Once you pay the cost, you can either climb one or two steps.
You need to find minimum cost to reach the top of the floor, and you can either start from the step with index 0, or the step with index 1.
- Note:
1. cost will have a length in the range [2, 1000].
2. Every cost[i] will be an integer in the range [0, 999].
- Examples:
Input: cost = [10, 15, 20]
Output: 15
Explanation: Cheapest is start on cost[1], pay that cost and go to the top.
Input: cost = [1, 100, 1, 1, 1, 100, 1, 1, 100, 1]
Output: 6
Explanation: Cheapest is start on cost[0], and only step on 1s, skipping cost[3].
- Analysis:
Let arr[i] is the minimal cost to arrive at step[i].

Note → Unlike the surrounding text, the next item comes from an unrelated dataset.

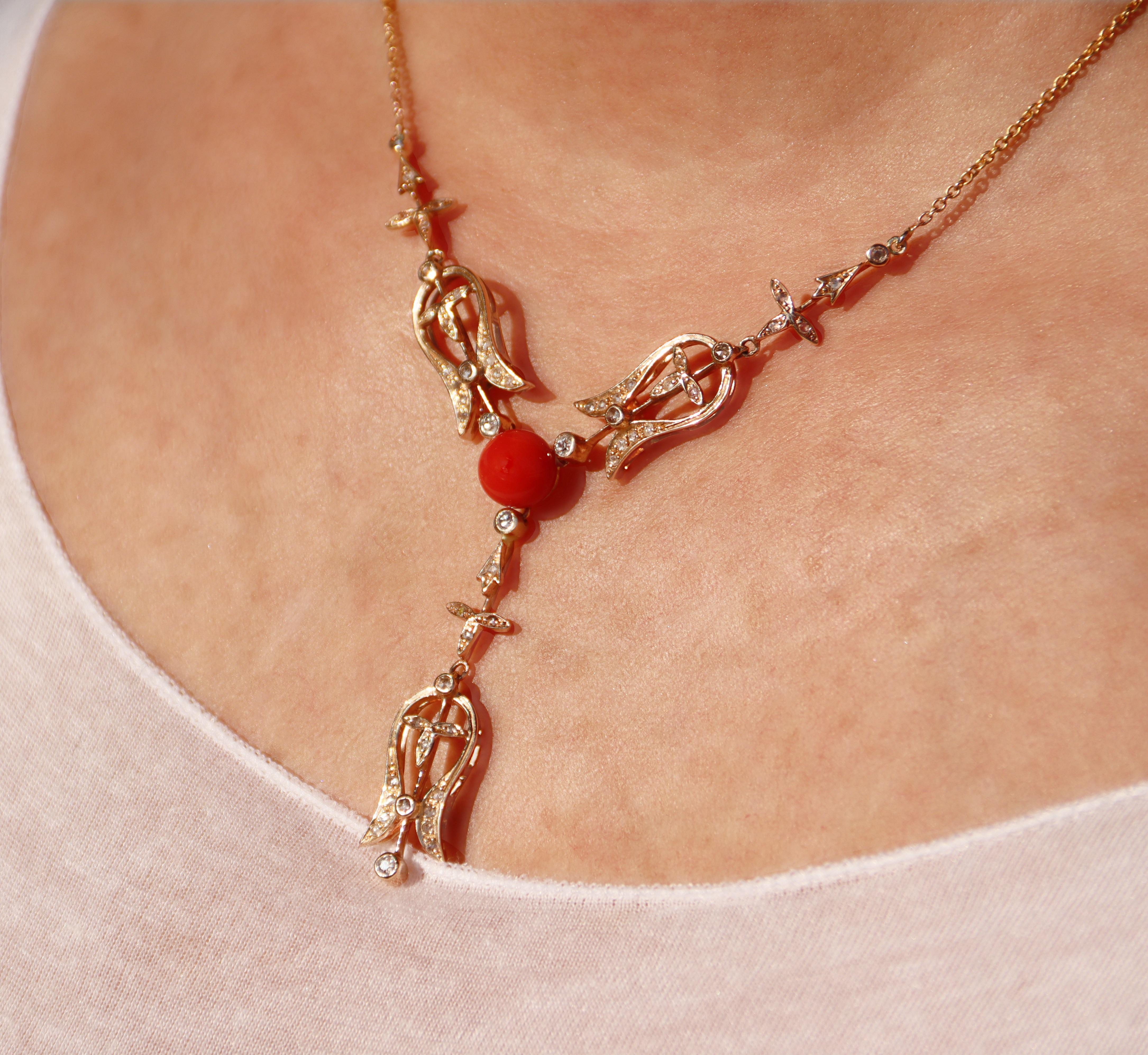 Collier à pendentif en or jaune 14 carats avec diamants et corail en vente 3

The arr[i] = min(cost[i - 1] + arr[i - 1], cost[i - 2] + arr[i - 2])
- Code - Java:
class Solution {
public int minCostClimbingStairs(int[] cost) {
int len = cost.length;
int[] result = new int[len + 1];
for (int i = 2; i <= len; i++) {
result[i] = Math.min(cost[i - 1] + result[i - 1], cost[i - 2] + result[i - 2]);
}
return result[len];
}
}
- Code - C++:
class Solution {
public:
int minCostClimbingStairs(vector<int>& cost) {
int len = cost.size();
vector<int> result(len + 1, 0);
for (int i = 2; i <= len; i++) {
result[i] = min(cost[i - 1] + result[i - 1], cost[i - 2] + result[i - 2]);
}
return result[len];
}
};
- Code - Python:
class Solution(object):
def minCostClimbingStairs(self, cost):
"""
:type cost: List[int]
:rtype: int
"""
costLen = len(cost)
result = [0 for i in range (costLen + 1)]
for i in range(2, costLen + 1):
result[i] = min(cost[i - 1] + result[i - 1], cost[i - 2] + result[i - 2])
return result[costLen]
Time Complexity: O(N), N is the length of array cost
Space Complexity: O(N), N is the length of array cost